A1. If a woman wants to arrive home safely, then she should avoid walking through dark parks at night.

B1. If a woman wants to stay safe, then she should avoid being promiscuous.

Nevertheless, there is an important difference between the claims: While walking through a park is done for the purpose of getting home (A1), engaging in sexual activity is not done for the purpose of safety (A2). Rather, engaging in sexual activity and being safe are two distinct goals that a given woman might have.

Consider that A1 is very different to the following:

A2. If a woman wants to stay safe, then she should avoid engaging in recreation in parks.

In the case of A2, there is a clash of non-instrumental goals, because recreation is not engaged in for safety reasons.

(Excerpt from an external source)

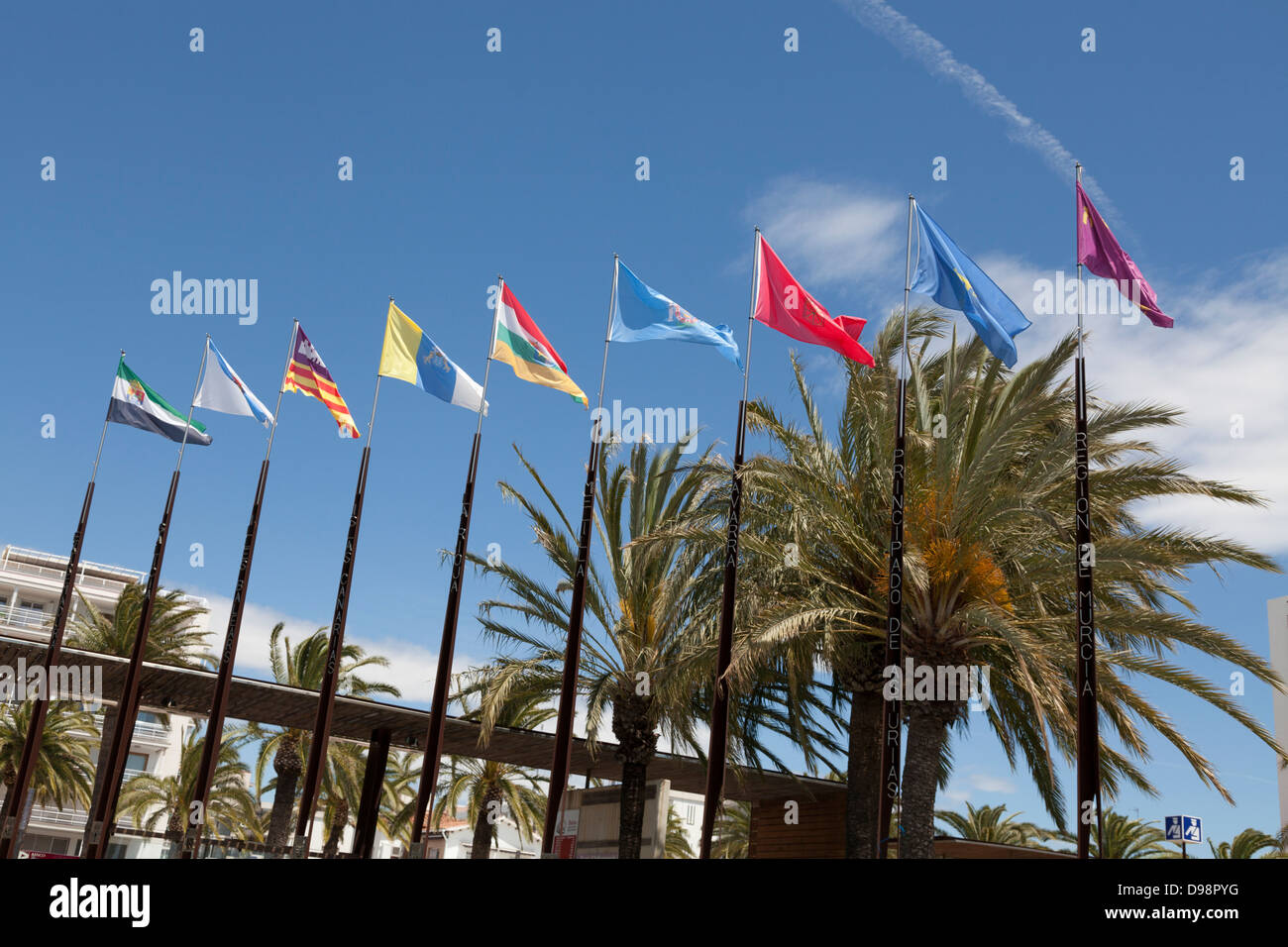 Flags of regions of Spain on flagpoles against blue sky Stock Photo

If a woman’s non-instrumental goal is to engage in recreation in parks, then acting on this advice would clearly limit her freedom.

I suggest that in delivering personal safety advice, police should favour advice that focusses on instrumental activities in the interests of preserving women’s non-instrumental goals. Many pieces of advice do this already. Consider, for example, advice to women on how to avoid drink spiking (not leaving drinks unattended in bars, etc.), or the recommendation that they catch a taxi home when they have been out drinkingFootnote 3. Stumbling home drunk is hardly a non-instrumental goal, so following this advice should not impact on a woman’s liberty in any meaningful sense. Instead, the advice helps women achieve their goal of having a fun night out.

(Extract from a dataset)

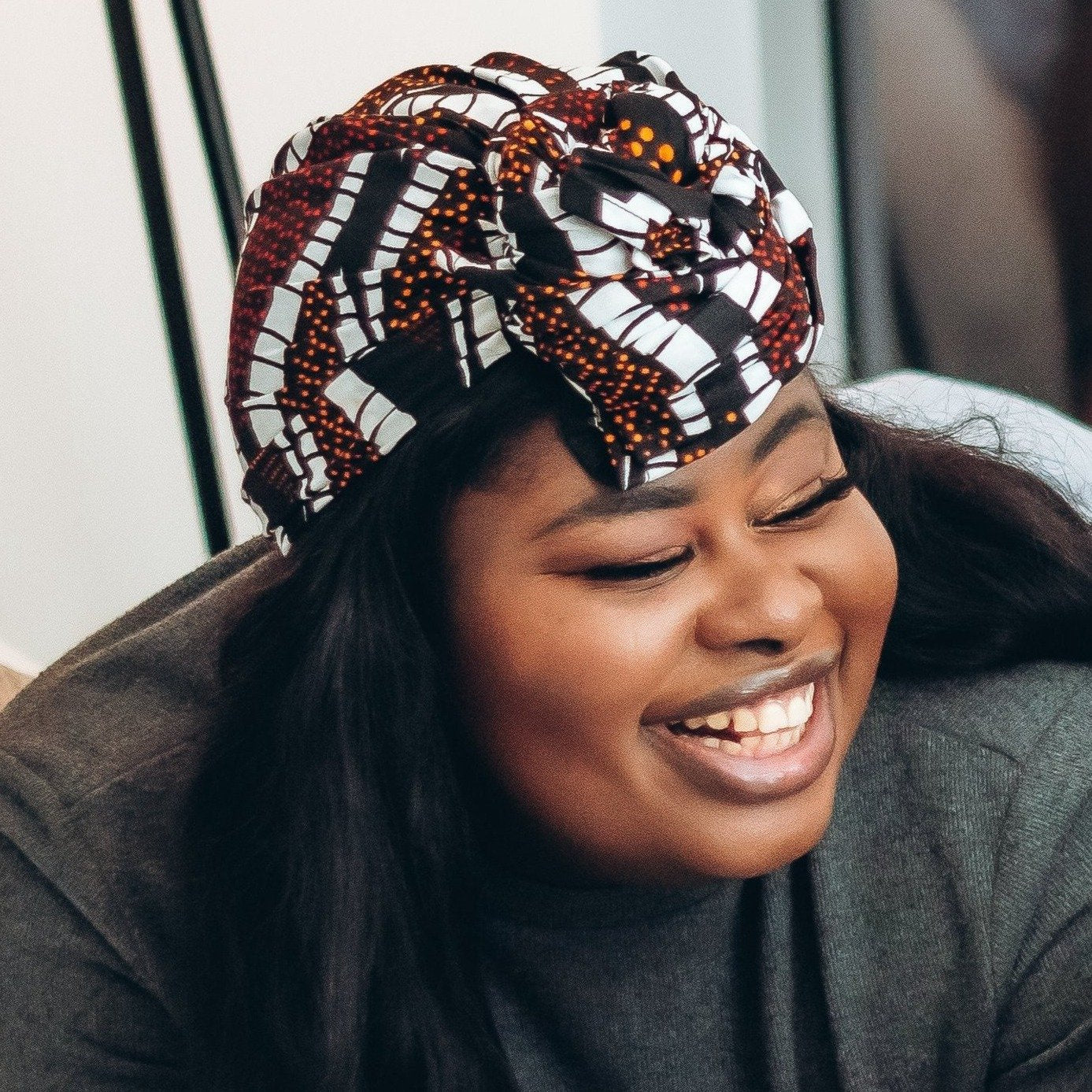 Brown, orange, white and black African print head wrap fabric in a graphic floral pattern, made from sustainably sourced Ankara wax print.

Of course, favouring instrumental advice need not imply that police should never give advice about non-instrumental behaviours. Such advice may be warranted in more extreme circumstances. For example, while blanket advice about avoiding parks is not ordinarily justifiable, it may be justified when an at-large offender (as in the case of our thought experiment) is actively targeting women in parks in a locality. Nevertheless, the threshold for issuing advice that recommends women abandon or alter a non-instrumental goal would be higher because it comes at a greater cost to women.

4 Conclusion

Are police officers justified in warning the public about the risk posed by a flooded stream? If so, are they also justified in warning women about the threat posed by an at-large murderer? It may be tempting to think that there are relevant differences between personal safety advice addressing gendered violence and personal safety advice addressing threats from impersonal sources, however this paper has argued that these differences disappear under close examination.

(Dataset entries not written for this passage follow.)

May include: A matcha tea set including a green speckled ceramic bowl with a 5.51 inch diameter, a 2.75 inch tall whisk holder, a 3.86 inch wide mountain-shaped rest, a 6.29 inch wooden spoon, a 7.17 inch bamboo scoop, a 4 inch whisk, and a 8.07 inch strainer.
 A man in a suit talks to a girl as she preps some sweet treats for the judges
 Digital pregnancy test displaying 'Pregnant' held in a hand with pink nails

Perhaps the strongest concern relates to the long history of state-sponsored discrimination suffered by women. Nevertheless, it seems credible that, rather than reinforcing discrimination, sound safety advice may support women in eschewing excessive caution in favour of a form of prudence that fosters individual flourishing, especially if the advice relates to women’s instrumental activities rather than their non-instrumental goals. If so, then sound safety advice may be better conceived as ‘freedom enabling’ than ‘victim blaming’.

Finally, if my responses to these concerns are found unpersuasive, this still leaves us with the disconcerting position that a police officer may justly warn a female park user that she risks death by drowning but not that she risks death by homicide. This is a difficult bullet to bite.